Dies ist deshalb möglich, weil in vielen dieser Länder die Internet-Provider entweder in staatlichem Besitz sind oder Behörden direkt auf diese Einfluss nehmen können. Damit kann die Software ohne Probleme an kritischen Punkten des Netzwerks installiert werden.

Nach den Protesten im arabischen Raum dürfte die Nachfrage nach solchen Filtern steigen - und die winkenden Geschäfte die Anti-Zensur-Rhetorik vieler Unternehmen ad absurdum führen. Die US-Firma Websense macht seiner Unternehmenspolitik zufolge keine Geschäfte mit "Regierungen oder Internet-Providern, die sich an Regierungszensur beteiligen." In der Praxis hat es Forschern der Internet-Bürgerrechtsorganisation OpenNet Initiative zufolge Software an den Jemen verkauft, die es Aktivisten unmöglich machen soll, ihre Identität online zu verschleiern.

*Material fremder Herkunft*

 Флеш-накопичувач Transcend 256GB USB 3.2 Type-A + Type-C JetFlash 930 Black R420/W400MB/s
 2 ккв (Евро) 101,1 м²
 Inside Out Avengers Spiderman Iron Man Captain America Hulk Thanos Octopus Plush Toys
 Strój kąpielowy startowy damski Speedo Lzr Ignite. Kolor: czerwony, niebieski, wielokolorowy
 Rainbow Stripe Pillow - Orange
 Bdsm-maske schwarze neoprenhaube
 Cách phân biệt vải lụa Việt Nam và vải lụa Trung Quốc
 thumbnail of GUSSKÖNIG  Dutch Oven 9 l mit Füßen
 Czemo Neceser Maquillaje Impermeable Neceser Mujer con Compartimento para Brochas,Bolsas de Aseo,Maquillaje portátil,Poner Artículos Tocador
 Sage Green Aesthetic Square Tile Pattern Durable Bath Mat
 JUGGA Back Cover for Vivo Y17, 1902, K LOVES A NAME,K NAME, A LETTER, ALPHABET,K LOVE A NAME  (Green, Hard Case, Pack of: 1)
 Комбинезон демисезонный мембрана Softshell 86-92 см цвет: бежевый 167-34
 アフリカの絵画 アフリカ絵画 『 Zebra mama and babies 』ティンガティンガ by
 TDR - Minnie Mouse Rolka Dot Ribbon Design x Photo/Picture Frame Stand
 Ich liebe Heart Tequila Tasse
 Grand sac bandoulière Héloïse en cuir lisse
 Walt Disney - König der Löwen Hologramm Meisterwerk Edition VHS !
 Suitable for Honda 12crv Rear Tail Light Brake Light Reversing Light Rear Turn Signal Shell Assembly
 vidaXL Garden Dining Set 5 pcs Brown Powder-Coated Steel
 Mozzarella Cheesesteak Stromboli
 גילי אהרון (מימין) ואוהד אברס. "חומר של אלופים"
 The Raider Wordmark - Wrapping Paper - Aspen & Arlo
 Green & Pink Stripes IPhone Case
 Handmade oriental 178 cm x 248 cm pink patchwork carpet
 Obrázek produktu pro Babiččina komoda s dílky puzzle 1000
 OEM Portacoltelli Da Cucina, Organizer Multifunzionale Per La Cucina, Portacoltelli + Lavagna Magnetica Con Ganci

Die betroffenen Unternehmen äußerten sich nicht zu den Anschuldigungen, das Wall Street Journal gibt als Quelle seiner Recherchen unter anderem Mitarbeiter von Internet-Providern in den entsprechenden Ländern an.

Westliche Filter-Programme in neun Ländern

Vorwürfe dieser Art gegen internationale Unternehmen sind nicht neu: So hatte die Menschenrechtsorganisation Amnesty International beispielsweise bereits 2006 den Netzwerk-Ausstatter Cisco dafür kritisiert, der chinesischen Regierung die Technik für ihre "große Firewall" zu liefern, dem wahrscheinlich umfassendste Internet-Zensursystem der Welt.

Einem noch unveröffentlichten Bericht der Open Net Initiative zufolge wird nach Angaben des WSJ in mindestens neun Ländern in Afrika und dem Nahen Osten westliche Software eingesetzt, um Internet-Inhalte zu zensieren.

In der Regel berufen sich die IT-Firmen darauf, nicht genau zu wissen, wofür ihre Produkte eingesetzt werden. Dies sei aber nur eine Ausrede, argumentiert der renommierte Harvard-Rechtsprofessor Jonathan Zittrain im Gespräch mit dem Wall Street Journal: "Sie könnten in die Software ein Signal einbauen, das genaue Informationen darüber weitergibt, was gefiltert wird. Das ist kein Hexenwerk, nur würden ihre Kunden das nicht wollen."